Skip the pictures and write out, word for word, the lines below from the one with "Toothbrush holder with" through the one with "a plate of breakfast", inclusive.

━━━━━━━━━━━━━━━━

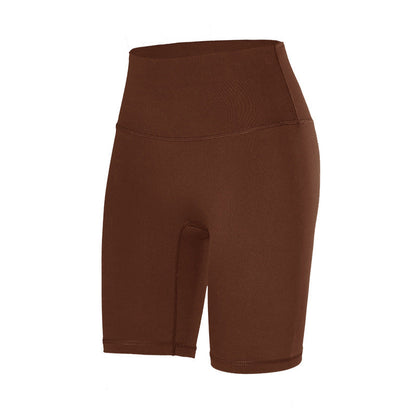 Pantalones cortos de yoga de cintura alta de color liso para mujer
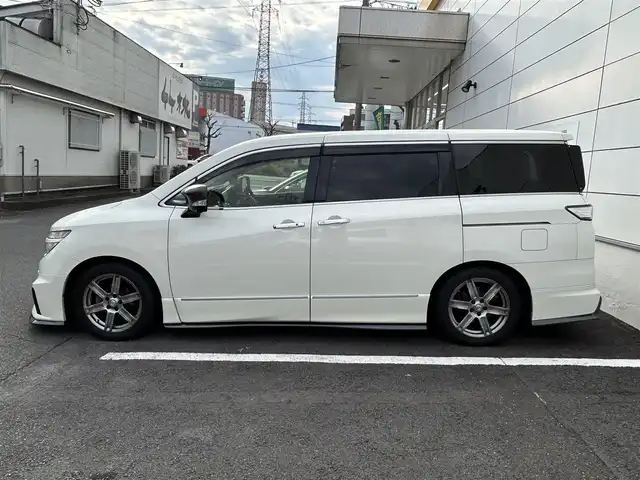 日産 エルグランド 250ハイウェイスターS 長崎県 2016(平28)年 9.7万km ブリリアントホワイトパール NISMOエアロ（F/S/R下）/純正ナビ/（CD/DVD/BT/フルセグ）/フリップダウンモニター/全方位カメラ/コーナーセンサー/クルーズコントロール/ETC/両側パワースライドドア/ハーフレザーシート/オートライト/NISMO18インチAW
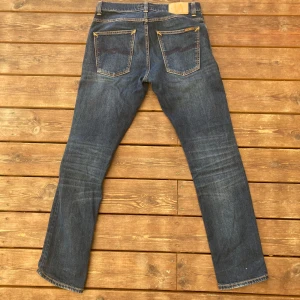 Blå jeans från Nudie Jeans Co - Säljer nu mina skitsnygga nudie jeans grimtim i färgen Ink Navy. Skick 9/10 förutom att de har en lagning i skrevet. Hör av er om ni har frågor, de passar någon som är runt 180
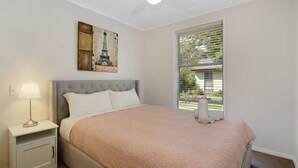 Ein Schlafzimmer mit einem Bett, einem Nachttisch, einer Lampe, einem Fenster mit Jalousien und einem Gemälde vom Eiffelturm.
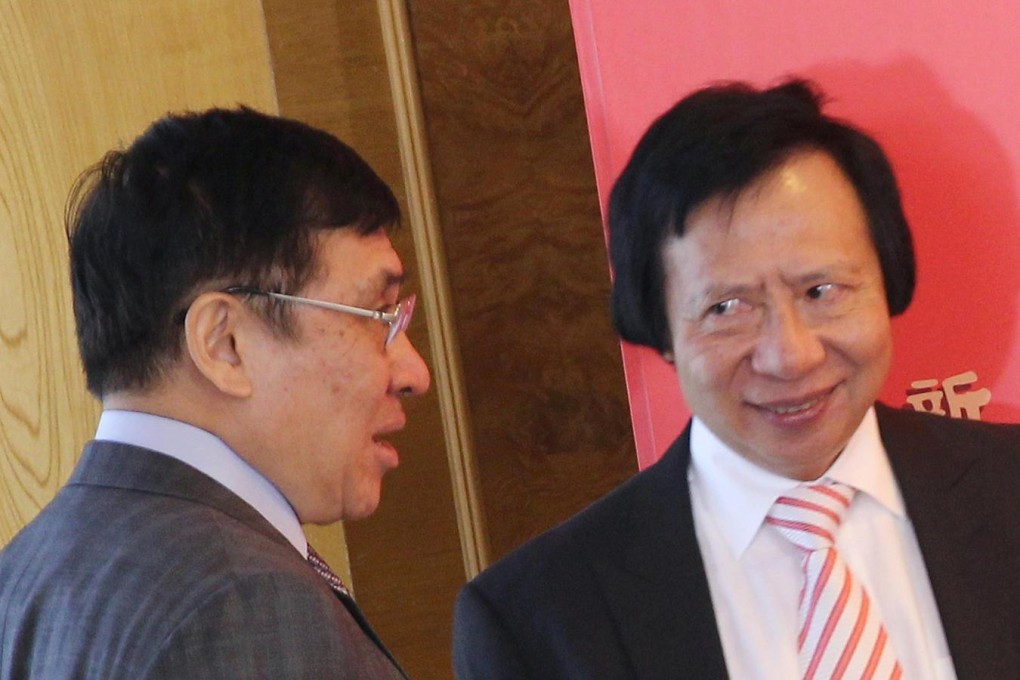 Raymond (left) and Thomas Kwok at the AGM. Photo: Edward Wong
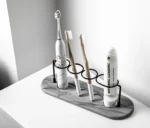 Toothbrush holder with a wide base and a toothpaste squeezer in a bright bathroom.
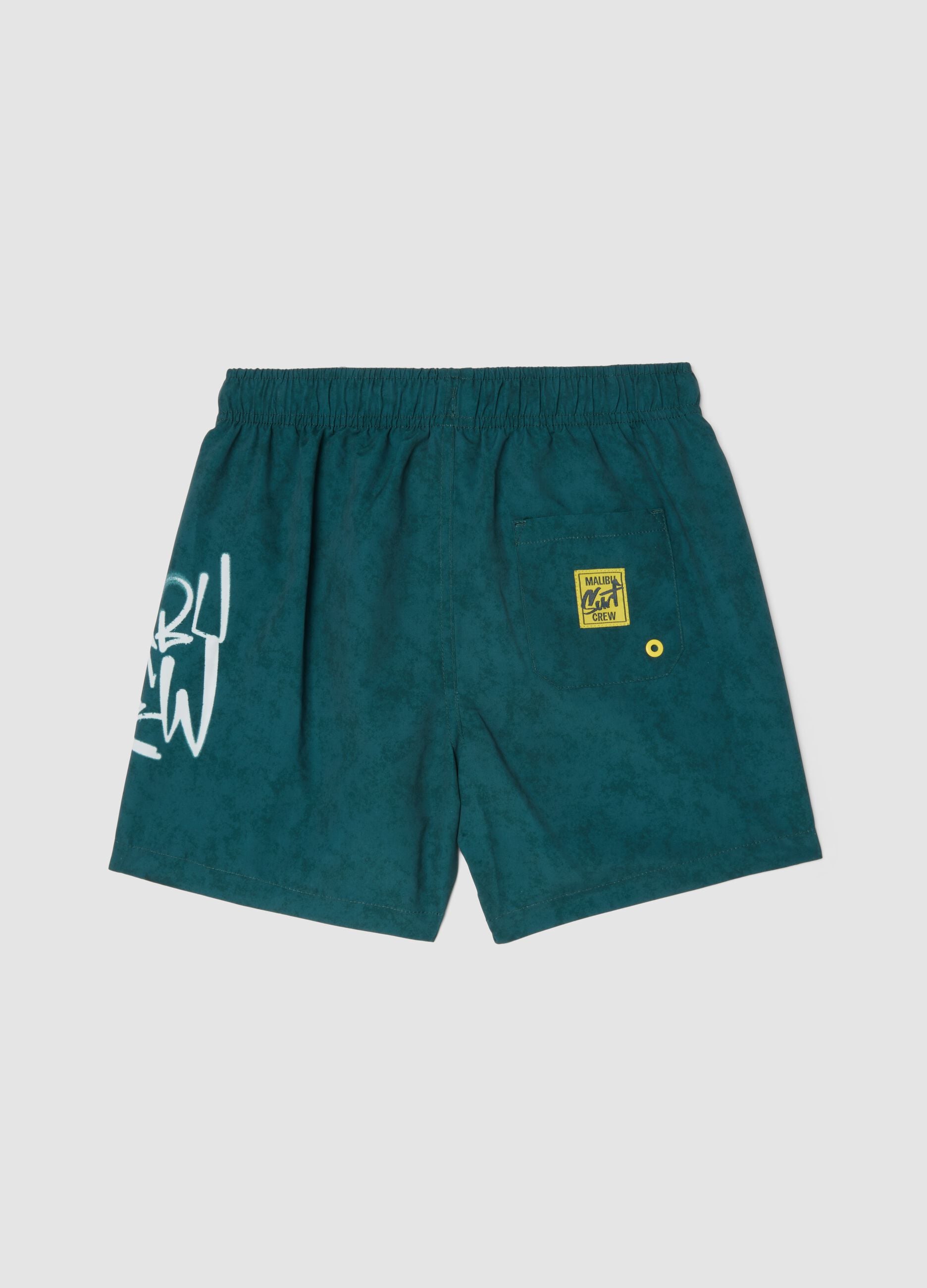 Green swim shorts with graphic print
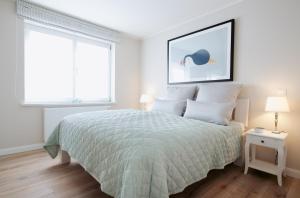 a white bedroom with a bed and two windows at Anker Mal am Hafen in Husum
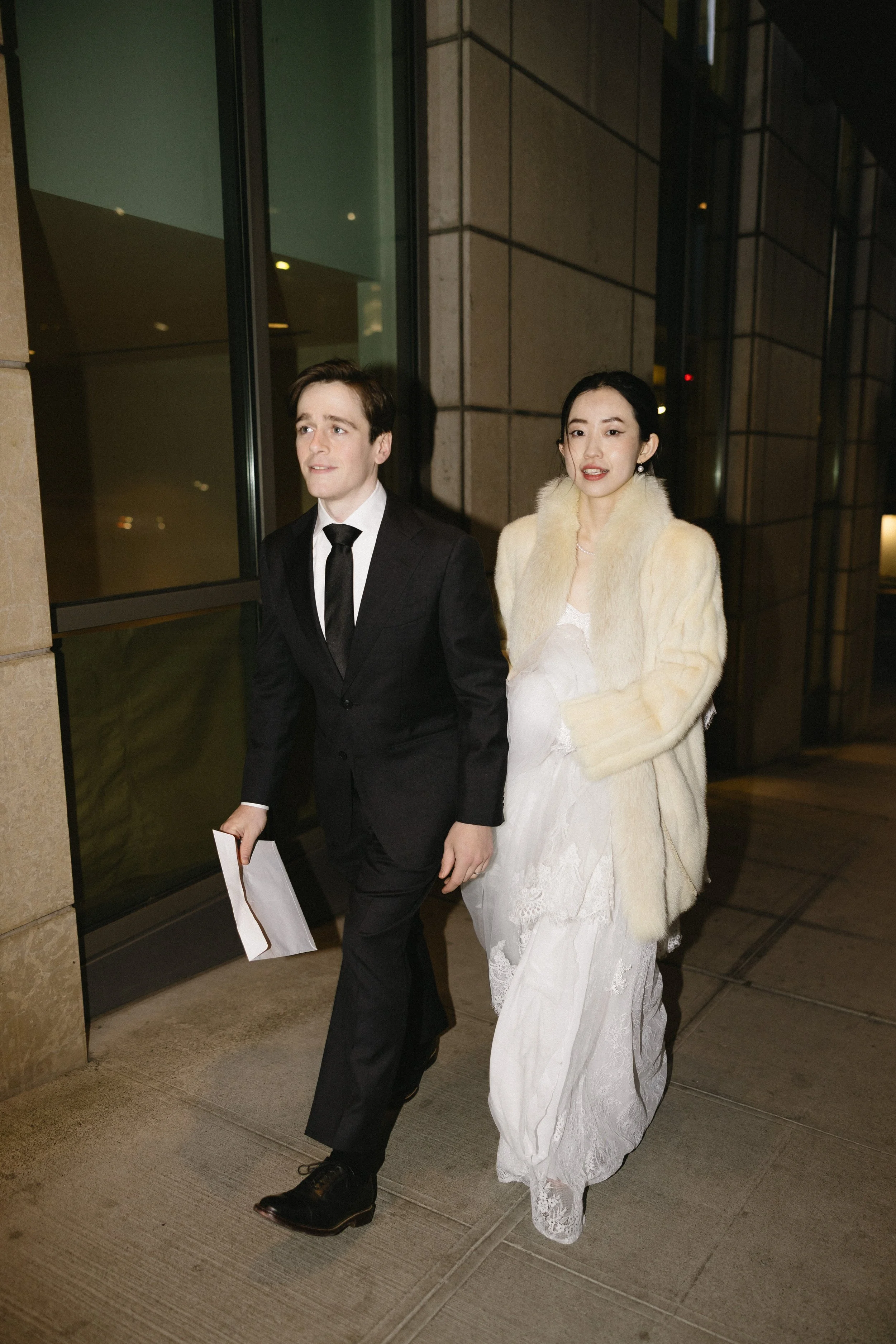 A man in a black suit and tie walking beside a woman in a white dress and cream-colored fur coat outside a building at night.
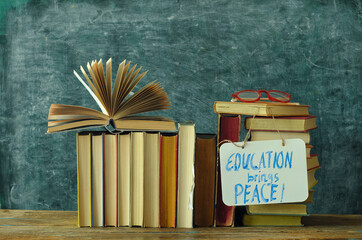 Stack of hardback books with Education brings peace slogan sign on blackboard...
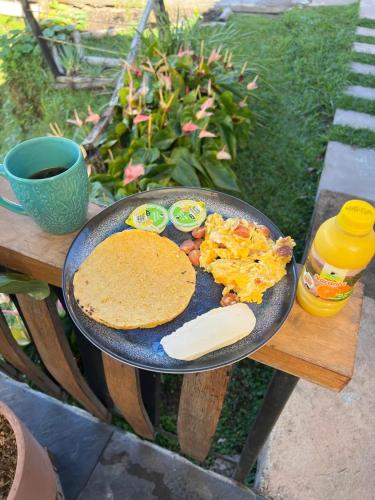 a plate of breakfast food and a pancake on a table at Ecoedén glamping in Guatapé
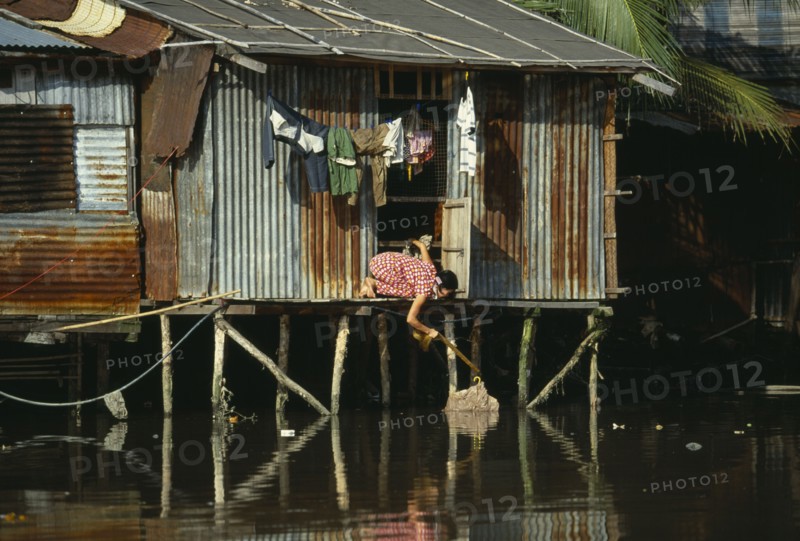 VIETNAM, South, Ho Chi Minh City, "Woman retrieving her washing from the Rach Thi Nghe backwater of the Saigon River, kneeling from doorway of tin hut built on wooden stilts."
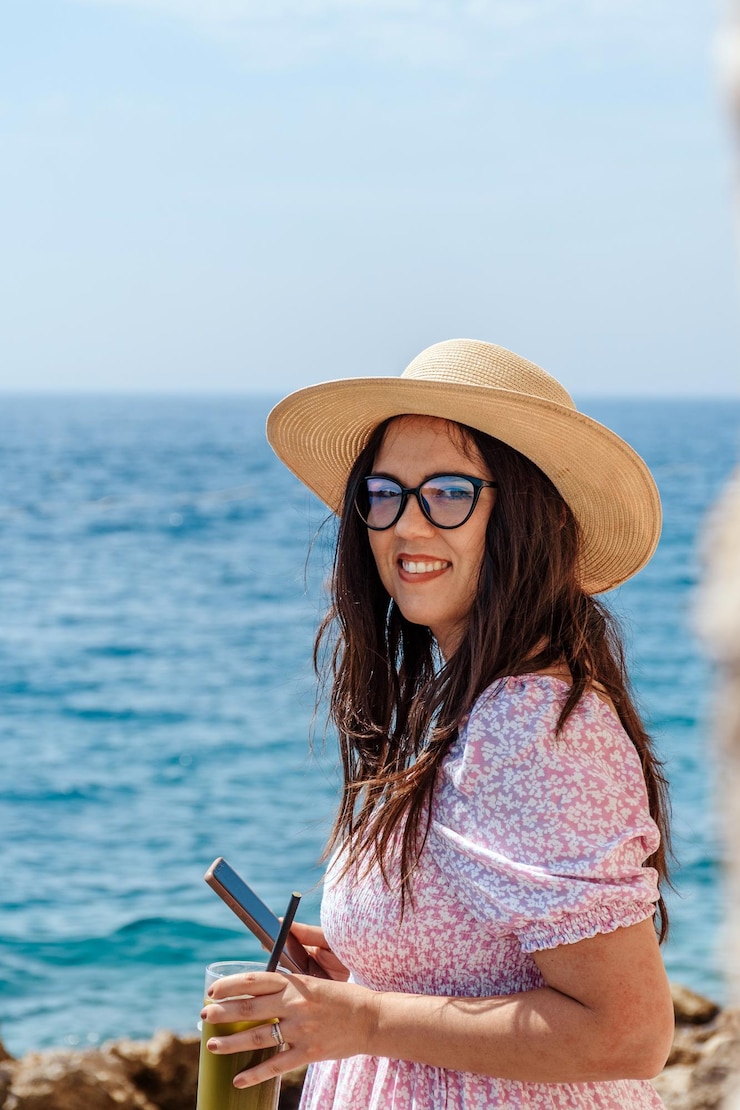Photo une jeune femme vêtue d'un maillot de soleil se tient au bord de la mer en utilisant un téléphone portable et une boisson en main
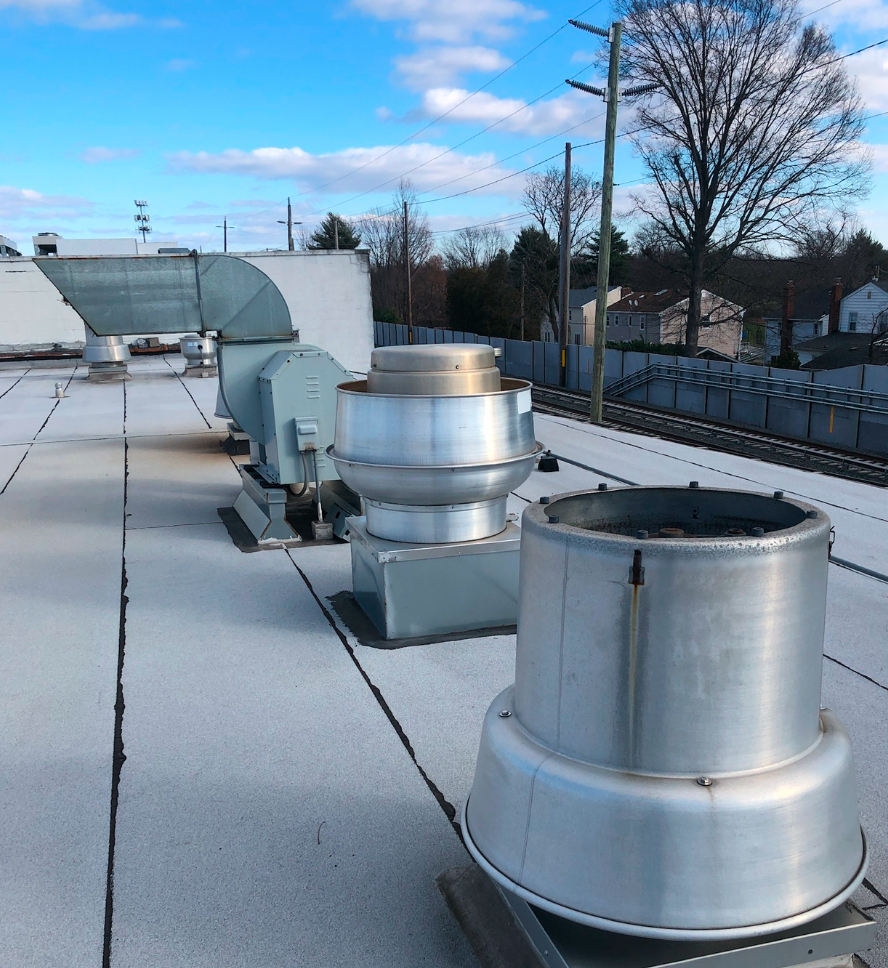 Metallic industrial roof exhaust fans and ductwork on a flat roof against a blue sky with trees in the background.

━━━━━━━━━━━━━━━━

> **ANSWER TO THIS EXERCISE**:
 Toothbrush holder with a wide base and a toothpaste squeezer in a bright bathroom.
 Green swim shorts with graphic print
 a white bedroom with a bed and two windows at Anker Mal am Hafen in Husum
 A man in a black suit and tie walking beside a woman in a white dress and cream-colored fur coat outside a building at night.
 Stack of hardback books with Education brings peace slogan sign on blackboard...
 a plate of breakfast food and a pancake on a table at Ecoedén glamping in Guatapé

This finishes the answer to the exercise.